PRELIMINARY GEOCHEMICAL ANALYSIS OF SOILS FORMED ON LITHIUM-CESIUM-TANTALUM PEGMATITES IN OXFORD COUNTY, MAINE


SMITH, Peter, SIRBESCU, Mona-Liza C. and HLOHOWSKYJ, Stephan R., Earth and Atmospheric Sciences, Central Michigan University, Mount Pleasant, MI 48859

Lithium (Li) is a critical metal that requires additional granitic pegmatites of the lithium-cesium-tantalum (LCT) family to meet demands. Currently, pegmatite exploration in Southwestern Maine relies on drilling. Potentially, soil geochemistry could be used. This study explores the fate of LCT pegmatite pathfinder elements during soil formation processes. The study area is covered by glacial till, but natural soil has formed along slopes directly on pegmatite bedrock. Additionally, technosols developed on historic and active quarries can be identified to have been derived directly from bedrock.

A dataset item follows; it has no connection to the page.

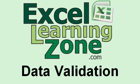Welcome to another free tutorial brought to you by ExcellearningZone.com. In this lesson, I'm going to show you how to use simple data validation in Microsoft Excel 2010.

Soil samples from the Plumbago Mtn. near Newry, Maine, were collected at two LCT pegmatite quarries: 1) Plumbago North (PBN), a large spodumene pegmatite, actively mined during the last decade, and 2) Rose Quartz (RQ), a smaller pegmatite, historically mined for pollucite and spodumene. For comparison, we analyzed Fisher Quarry (FQ), a niobium-yttrium-fluorine (NYF) less fractionated pegmatite near Topsham ME, historically mined for feldspar. Soils developed on pegmatites or surrounding micaschists were collected from the organic-rich A horizon; eluvial, leached, gray E horizon; brown B horizon; and debris directly formed on spodumene-rich zone. To quantify the soluble elements, soils were dried, pulverized, and shaken for 24 hours at a sample to pure H2O ratio of 4:1. After centrifuging and filtering, the leachate solution was analyzed by ion chromatography to quantify inorganic anions and cations, including Li+.

PBN samples formed on nonmineralized pegmatite or host rock have low water-soluble Li levels from below detection to ~30 ppb, with one outlier of ~1740 ppb. In contrast, soils formed on PBN spodumene zone have slightly higher average Li levels of ~75 ppb. Weathered debris samples taken directly above a spodumene crystal yielded ~1700 ppb of Li. Soils from the extremely fractionated RQ pegmatite have, on average, ~4740 ppb of Li. FQ averaged 1225 ppb of Li.

Preliminary technosol-leachate data suggest that soluble Li does not always correlate to the abundance of Li minerals in the subsurface or to the soil horizon. The soils are highly heterogeneous. Factors that may explain this variability include: Li retention in clays; scattered debris blasted during mining; age of the technosols, and the vegetation.